(Short descriptive text snippets)
::::

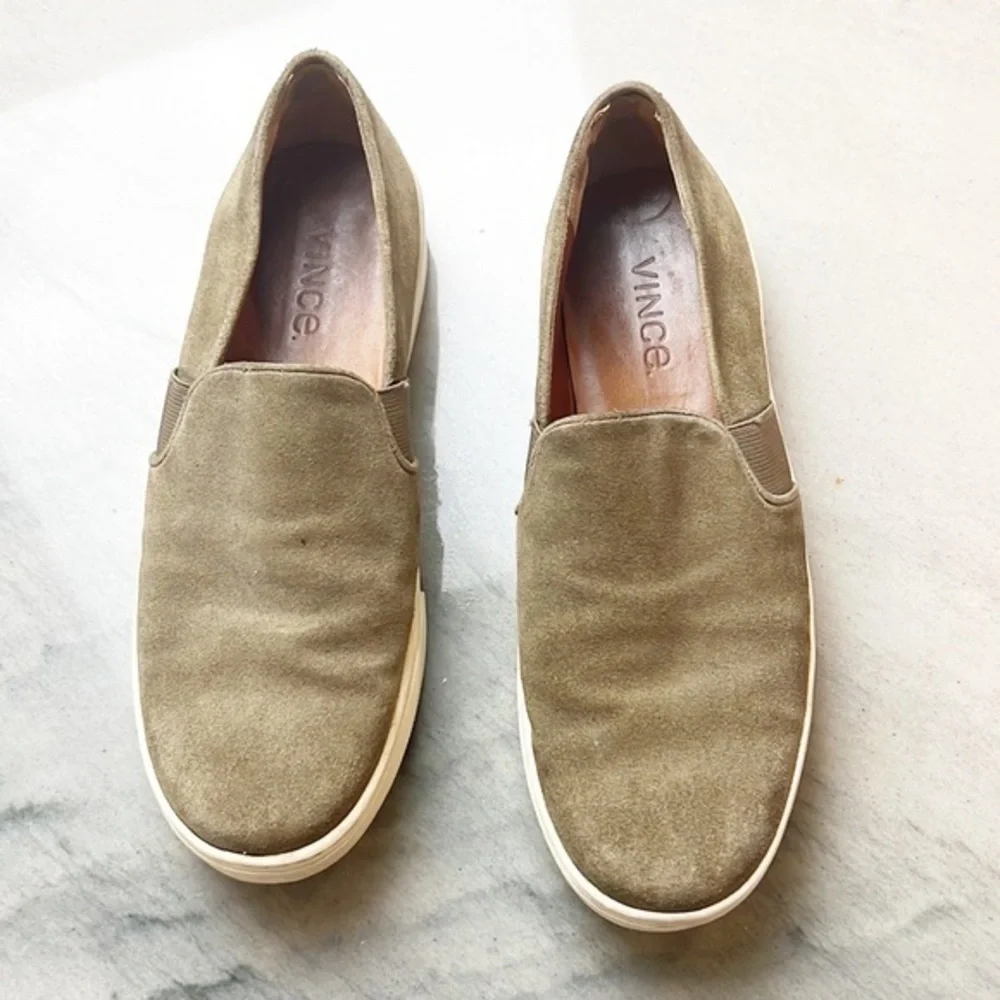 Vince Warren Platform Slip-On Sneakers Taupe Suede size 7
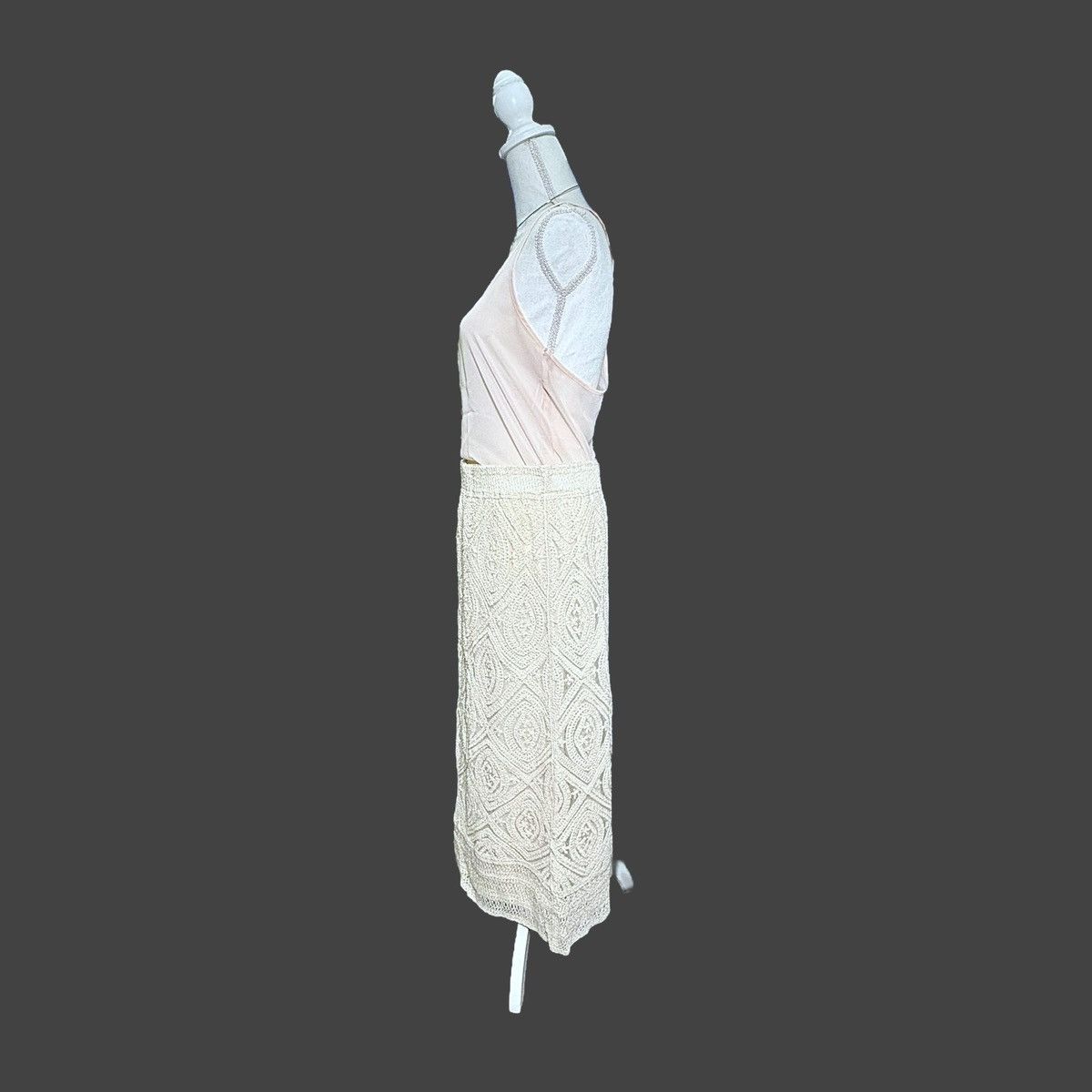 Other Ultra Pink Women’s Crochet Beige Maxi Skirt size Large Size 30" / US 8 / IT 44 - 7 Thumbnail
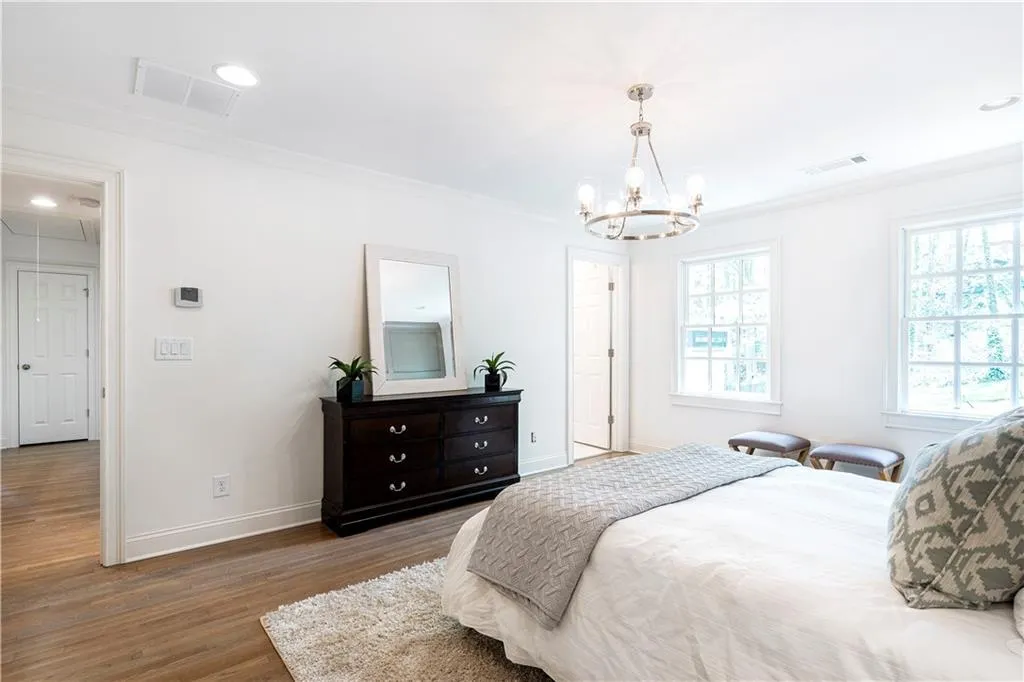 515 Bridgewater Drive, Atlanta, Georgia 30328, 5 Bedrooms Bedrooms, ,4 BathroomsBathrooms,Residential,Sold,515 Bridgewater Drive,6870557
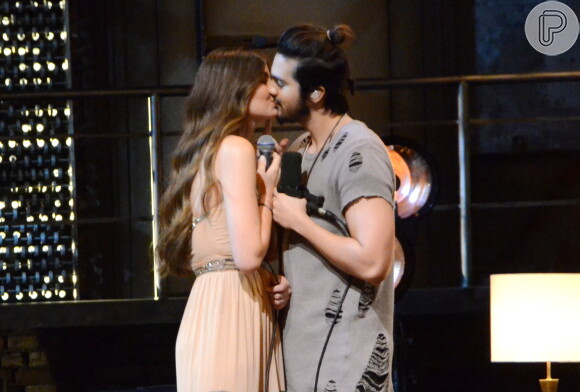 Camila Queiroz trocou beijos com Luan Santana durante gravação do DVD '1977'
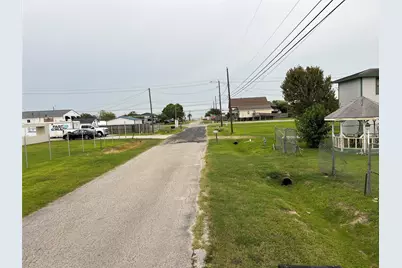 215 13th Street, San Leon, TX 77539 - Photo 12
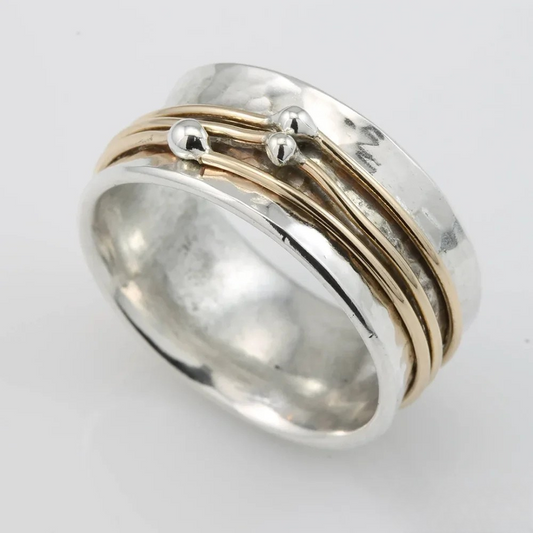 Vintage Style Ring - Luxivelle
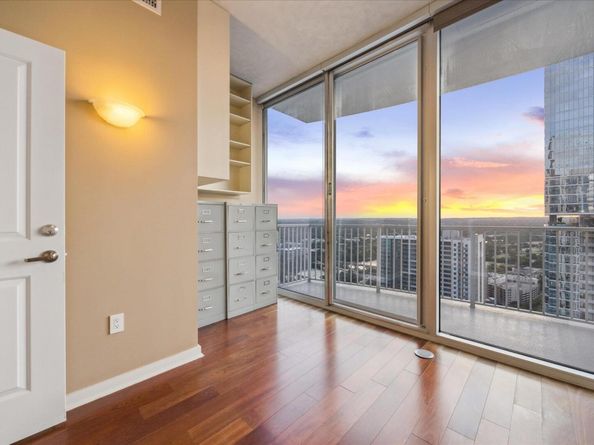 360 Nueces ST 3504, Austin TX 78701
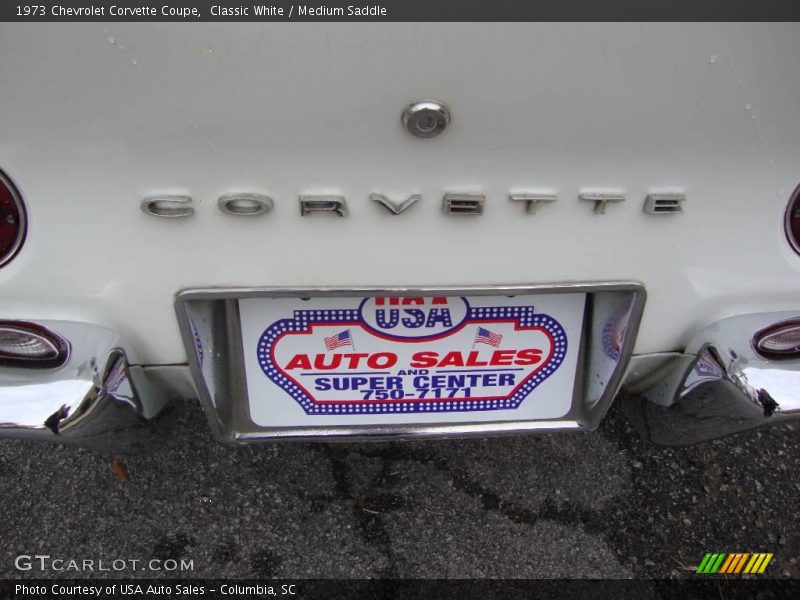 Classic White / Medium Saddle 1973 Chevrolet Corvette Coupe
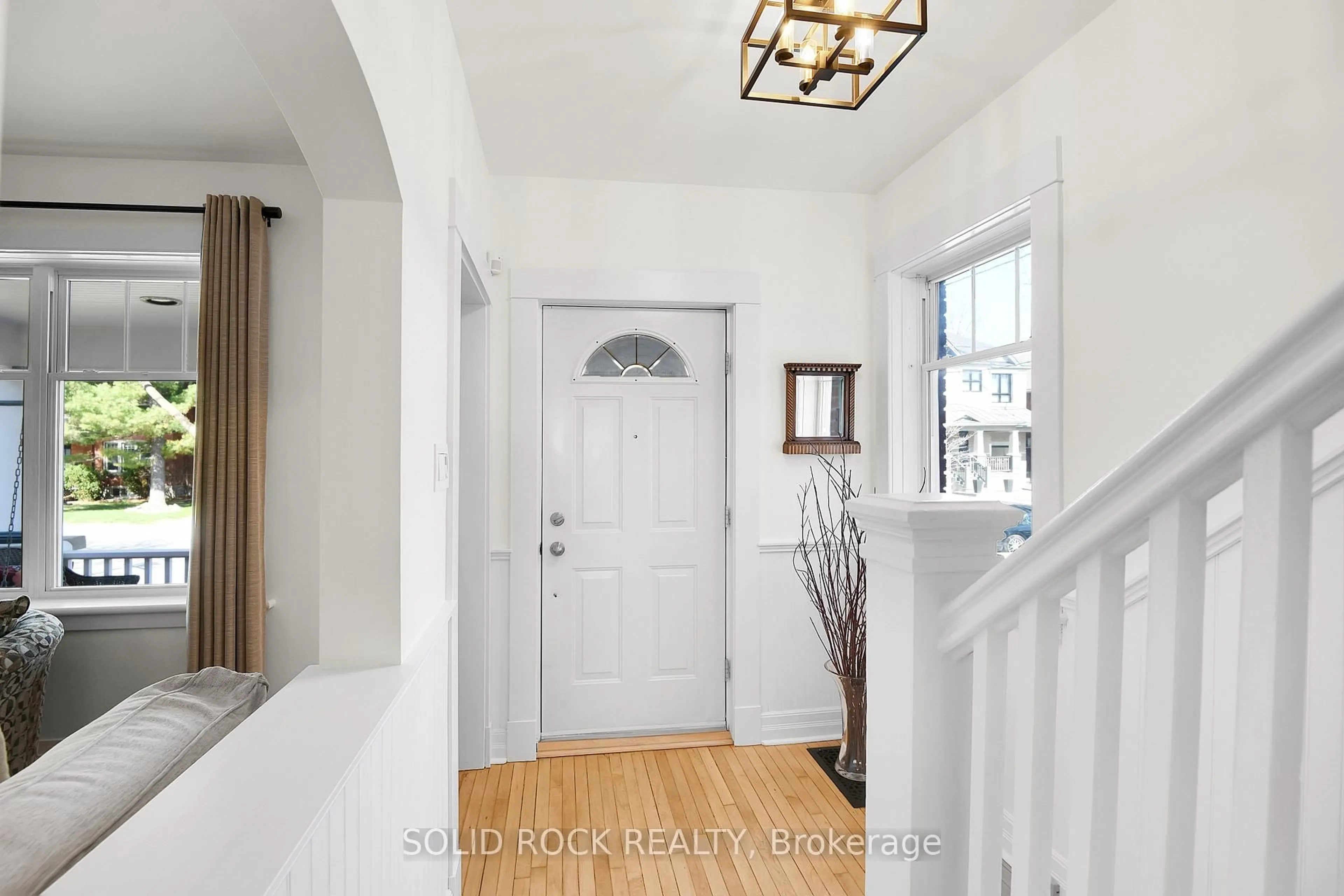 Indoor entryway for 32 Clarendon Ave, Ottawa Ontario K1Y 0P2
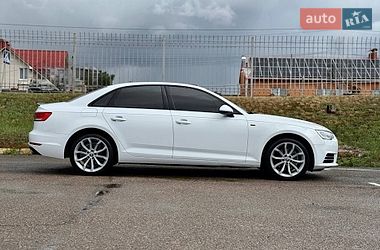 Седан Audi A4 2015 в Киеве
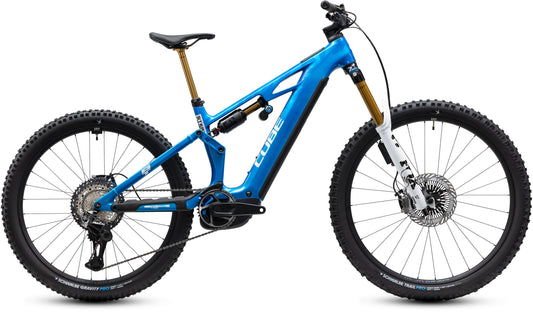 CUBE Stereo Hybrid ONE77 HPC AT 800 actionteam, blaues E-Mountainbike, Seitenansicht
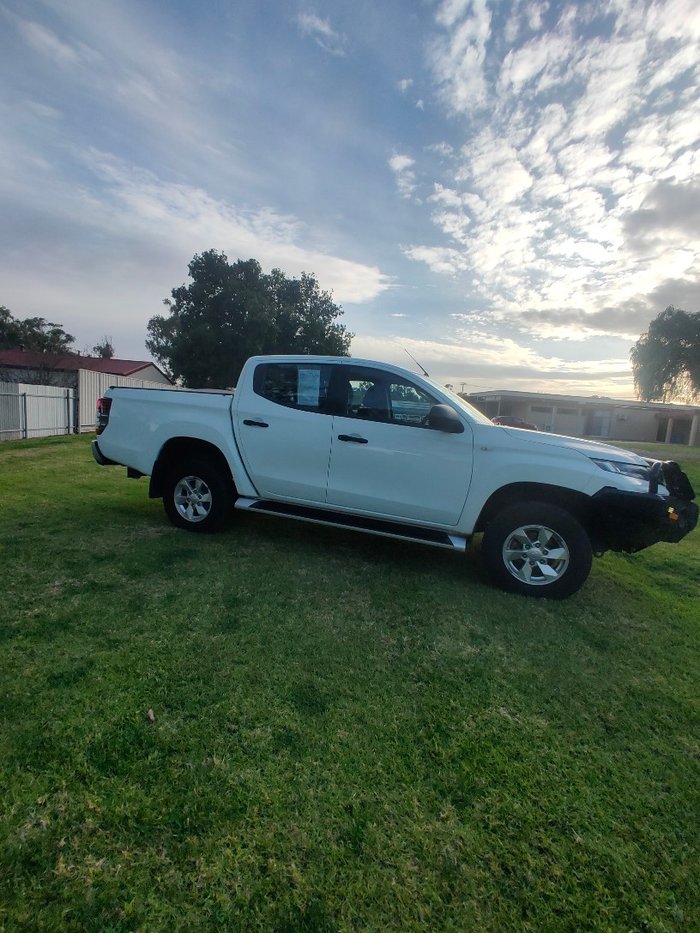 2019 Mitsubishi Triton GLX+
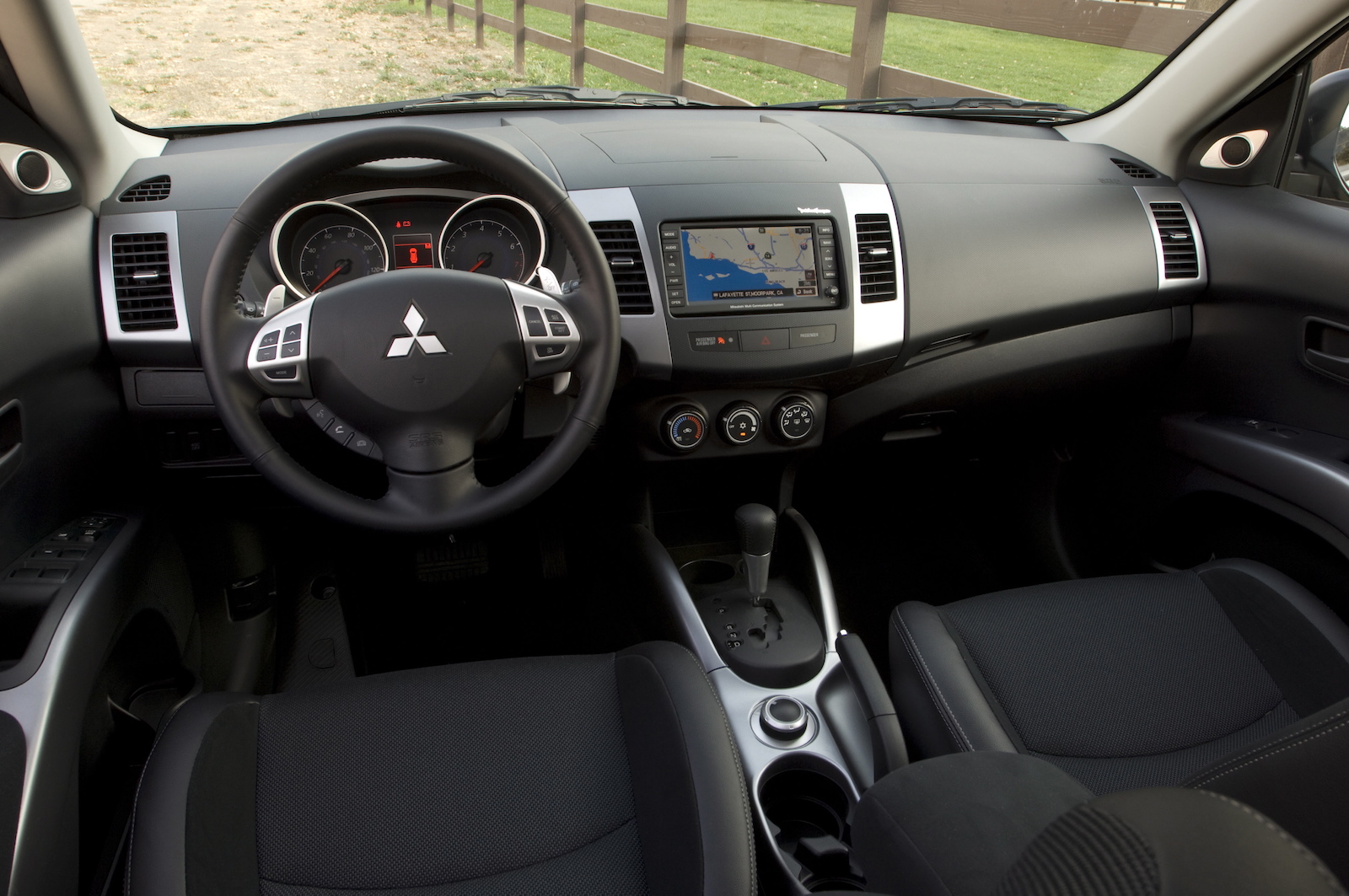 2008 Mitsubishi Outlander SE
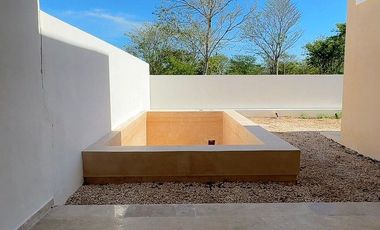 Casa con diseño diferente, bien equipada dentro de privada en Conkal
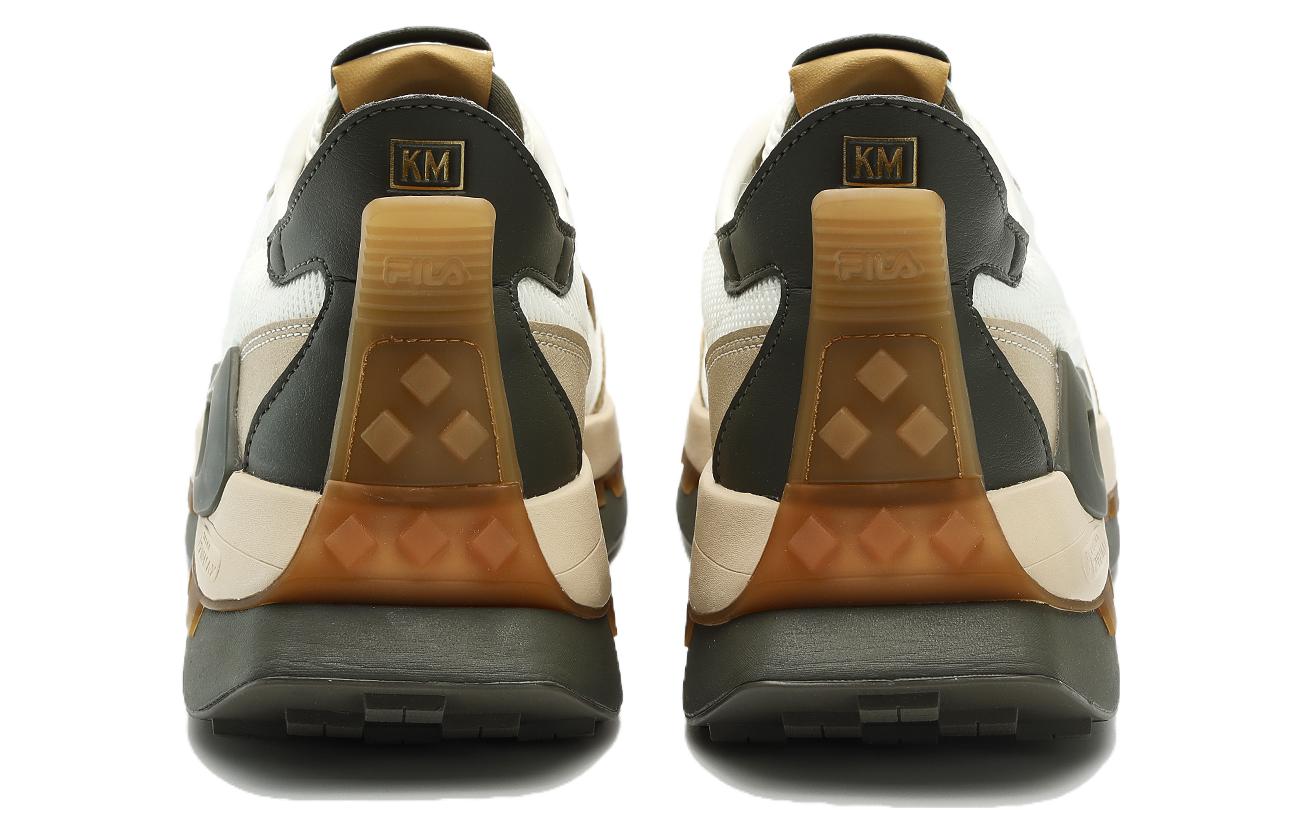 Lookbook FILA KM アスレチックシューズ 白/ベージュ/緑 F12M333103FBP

::::

# ACTIVITY
With the pictures left out, transcribe exactly the lines from the line holding "Casa con diseño" through the closing line of the entries.

# SOLUTION
 Casa con diseño diferente, bien equipada dentro de privada en Conkal
 Lookbook FILA KM アスレチックシューズ 白/ベージュ/緑 F12M333103FBP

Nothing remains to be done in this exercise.